# YOUR TASK
How do the records below read from their first line through the line containing "Matériaux d'Antan : COLLE"? Write those lines out exactly.

(Caption-style text data)
####
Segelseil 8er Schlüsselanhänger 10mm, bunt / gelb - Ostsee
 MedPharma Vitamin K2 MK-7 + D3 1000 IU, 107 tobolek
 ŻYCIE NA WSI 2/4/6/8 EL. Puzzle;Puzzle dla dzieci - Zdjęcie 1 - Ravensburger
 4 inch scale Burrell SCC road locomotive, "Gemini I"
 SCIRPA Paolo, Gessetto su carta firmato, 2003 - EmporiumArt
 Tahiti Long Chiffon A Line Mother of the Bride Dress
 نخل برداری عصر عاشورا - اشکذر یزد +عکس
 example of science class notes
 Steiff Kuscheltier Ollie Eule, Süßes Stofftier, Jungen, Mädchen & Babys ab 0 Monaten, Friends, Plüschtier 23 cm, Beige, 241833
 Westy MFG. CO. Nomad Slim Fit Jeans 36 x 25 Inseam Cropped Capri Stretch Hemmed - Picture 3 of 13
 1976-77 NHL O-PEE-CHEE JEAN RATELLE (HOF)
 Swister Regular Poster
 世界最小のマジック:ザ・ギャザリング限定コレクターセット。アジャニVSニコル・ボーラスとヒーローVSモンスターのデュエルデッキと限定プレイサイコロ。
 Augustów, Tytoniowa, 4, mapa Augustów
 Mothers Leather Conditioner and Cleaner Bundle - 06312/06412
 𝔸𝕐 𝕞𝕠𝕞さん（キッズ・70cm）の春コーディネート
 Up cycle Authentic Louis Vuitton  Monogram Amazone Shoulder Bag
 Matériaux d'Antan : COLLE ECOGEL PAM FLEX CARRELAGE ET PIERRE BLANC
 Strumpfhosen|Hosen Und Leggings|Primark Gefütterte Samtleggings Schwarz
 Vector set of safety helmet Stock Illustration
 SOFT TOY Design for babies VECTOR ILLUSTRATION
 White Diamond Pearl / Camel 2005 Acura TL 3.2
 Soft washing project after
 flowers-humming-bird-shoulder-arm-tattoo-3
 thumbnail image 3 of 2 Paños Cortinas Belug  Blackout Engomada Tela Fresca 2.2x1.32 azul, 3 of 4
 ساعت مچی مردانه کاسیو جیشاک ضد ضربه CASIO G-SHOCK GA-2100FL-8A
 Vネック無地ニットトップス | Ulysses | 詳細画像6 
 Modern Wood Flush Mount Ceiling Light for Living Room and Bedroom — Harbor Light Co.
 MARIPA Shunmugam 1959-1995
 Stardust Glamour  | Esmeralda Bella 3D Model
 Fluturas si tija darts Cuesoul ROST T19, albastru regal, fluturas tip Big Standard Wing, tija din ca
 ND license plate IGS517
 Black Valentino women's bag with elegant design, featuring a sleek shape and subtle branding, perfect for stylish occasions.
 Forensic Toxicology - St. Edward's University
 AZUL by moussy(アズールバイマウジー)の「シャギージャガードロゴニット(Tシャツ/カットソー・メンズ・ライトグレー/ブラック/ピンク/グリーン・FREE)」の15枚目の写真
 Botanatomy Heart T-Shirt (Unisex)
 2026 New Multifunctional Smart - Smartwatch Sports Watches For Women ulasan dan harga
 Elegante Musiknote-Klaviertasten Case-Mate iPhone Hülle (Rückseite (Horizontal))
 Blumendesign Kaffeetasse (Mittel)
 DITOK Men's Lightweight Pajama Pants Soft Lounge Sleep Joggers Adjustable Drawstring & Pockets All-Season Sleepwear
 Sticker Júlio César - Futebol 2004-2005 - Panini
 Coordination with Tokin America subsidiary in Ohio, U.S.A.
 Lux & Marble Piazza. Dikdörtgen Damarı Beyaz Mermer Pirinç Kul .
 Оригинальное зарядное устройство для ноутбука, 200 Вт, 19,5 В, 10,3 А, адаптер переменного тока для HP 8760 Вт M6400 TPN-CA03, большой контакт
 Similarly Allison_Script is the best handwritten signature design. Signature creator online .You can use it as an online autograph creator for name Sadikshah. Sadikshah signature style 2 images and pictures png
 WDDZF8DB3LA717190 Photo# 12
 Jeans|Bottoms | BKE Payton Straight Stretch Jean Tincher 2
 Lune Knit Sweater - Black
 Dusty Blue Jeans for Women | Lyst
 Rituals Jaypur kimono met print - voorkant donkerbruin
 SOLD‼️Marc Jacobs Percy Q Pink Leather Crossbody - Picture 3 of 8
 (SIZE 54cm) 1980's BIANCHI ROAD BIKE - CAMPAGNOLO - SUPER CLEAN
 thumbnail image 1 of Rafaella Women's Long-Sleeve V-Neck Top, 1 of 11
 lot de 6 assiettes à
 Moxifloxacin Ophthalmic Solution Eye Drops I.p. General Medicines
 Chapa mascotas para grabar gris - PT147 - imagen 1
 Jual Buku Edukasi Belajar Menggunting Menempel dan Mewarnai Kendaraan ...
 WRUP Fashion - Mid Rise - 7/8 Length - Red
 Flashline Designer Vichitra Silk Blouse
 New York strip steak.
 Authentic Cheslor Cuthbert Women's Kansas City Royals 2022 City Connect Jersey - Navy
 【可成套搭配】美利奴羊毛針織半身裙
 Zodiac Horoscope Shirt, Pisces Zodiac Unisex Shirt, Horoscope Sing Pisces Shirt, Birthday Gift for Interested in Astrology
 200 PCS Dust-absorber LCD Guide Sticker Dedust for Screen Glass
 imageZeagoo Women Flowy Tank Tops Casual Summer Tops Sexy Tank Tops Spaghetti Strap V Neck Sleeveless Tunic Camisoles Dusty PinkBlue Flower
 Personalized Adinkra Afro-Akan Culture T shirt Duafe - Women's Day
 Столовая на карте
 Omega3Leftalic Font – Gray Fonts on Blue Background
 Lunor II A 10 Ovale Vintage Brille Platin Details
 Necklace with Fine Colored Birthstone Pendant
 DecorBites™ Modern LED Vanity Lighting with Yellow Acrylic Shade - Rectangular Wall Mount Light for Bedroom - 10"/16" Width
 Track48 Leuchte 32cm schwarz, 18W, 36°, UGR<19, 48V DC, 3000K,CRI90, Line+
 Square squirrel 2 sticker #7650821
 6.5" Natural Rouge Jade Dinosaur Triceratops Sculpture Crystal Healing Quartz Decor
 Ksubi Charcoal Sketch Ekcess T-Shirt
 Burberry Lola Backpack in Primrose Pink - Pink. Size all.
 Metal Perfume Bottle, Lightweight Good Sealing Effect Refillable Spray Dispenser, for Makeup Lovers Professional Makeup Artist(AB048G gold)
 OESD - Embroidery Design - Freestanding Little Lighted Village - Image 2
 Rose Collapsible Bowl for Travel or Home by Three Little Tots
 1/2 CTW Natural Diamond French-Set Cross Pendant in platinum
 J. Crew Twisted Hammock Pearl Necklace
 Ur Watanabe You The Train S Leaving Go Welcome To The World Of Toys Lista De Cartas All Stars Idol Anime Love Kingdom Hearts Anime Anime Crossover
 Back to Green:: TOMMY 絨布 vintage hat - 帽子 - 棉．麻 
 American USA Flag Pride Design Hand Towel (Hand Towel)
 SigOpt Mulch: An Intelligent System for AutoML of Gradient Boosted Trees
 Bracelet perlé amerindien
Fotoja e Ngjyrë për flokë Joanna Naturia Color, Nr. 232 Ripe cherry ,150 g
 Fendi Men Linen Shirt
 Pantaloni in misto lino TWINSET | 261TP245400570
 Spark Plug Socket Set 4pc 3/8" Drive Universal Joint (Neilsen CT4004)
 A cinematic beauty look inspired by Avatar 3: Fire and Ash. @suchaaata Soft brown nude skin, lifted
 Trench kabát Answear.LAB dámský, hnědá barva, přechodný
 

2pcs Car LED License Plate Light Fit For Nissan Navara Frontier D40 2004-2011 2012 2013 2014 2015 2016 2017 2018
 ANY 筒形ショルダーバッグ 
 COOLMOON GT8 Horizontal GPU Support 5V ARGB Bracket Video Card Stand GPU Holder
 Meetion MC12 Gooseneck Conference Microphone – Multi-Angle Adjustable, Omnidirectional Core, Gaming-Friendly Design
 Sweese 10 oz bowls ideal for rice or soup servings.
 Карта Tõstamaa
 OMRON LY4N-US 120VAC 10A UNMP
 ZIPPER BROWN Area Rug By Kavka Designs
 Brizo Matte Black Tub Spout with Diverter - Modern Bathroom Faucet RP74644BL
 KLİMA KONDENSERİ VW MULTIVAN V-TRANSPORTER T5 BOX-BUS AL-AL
####
# RESULT OF THIS EXERCISE
Segelseil 8er Schlüsselanhänger 10mm, bunt / gelb - Ostsee
 MedPharma Vitamin K2 MK-7 + D3 1000 IU, 107 tobolek
 ŻYCIE NA WSI 2/4/6/8 EL. Puzzle;Puzzle dla dzieci - Zdjęcie 1 - Ravensburger
 4 inch scale Burrell SCC road locomotive, "Gemini I"
 SCIRPA Paolo, Gessetto su carta firmato, 2003 - EmporiumArt
 Tahiti Long Chiffon A Line Mother of the Bride Dress
 نخل برداری عصر عاشورا - اشکذر یزد +عکس
 example of science class notes
 Steiff Kuscheltier Ollie Eule, Süßes Stofftier, Jungen, Mädchen & Babys ab 0 Monaten, Friends, Plüschtier 23 cm, Beige, 241833
 Westy MFG. CO. Nomad Slim Fit Jeans 36 x 25 Inseam Cropped Capri Stretch Hemmed - Picture 3 of 13
 1976-77 NHL O-PEE-CHEE JEAN RATELLE (HOF)
 Swister Regular Poster
 世界最小のマジック:ザ・ギャザリング限定コレクターセット。アジャニVSニコル・ボーラスとヒーローVSモンスターのデュエルデッキと限定プレイサイコロ。
 Augustów, Tytoniowa, 4, mapa Augustów
 Mothers Leather Conditioner and Cleaner Bundle - 06312/06412
 𝔸𝕐 𝕞𝕠𝕞さん（キッズ・70cm）の春コーディネート
 Up cycle Authentic Louis Vuitton  Monogram Amazone Shoulder Bag
 Matériaux d'Antan : COLLE ECOGEL PAM FLEX CARRELAGE ET PIERRE BLANC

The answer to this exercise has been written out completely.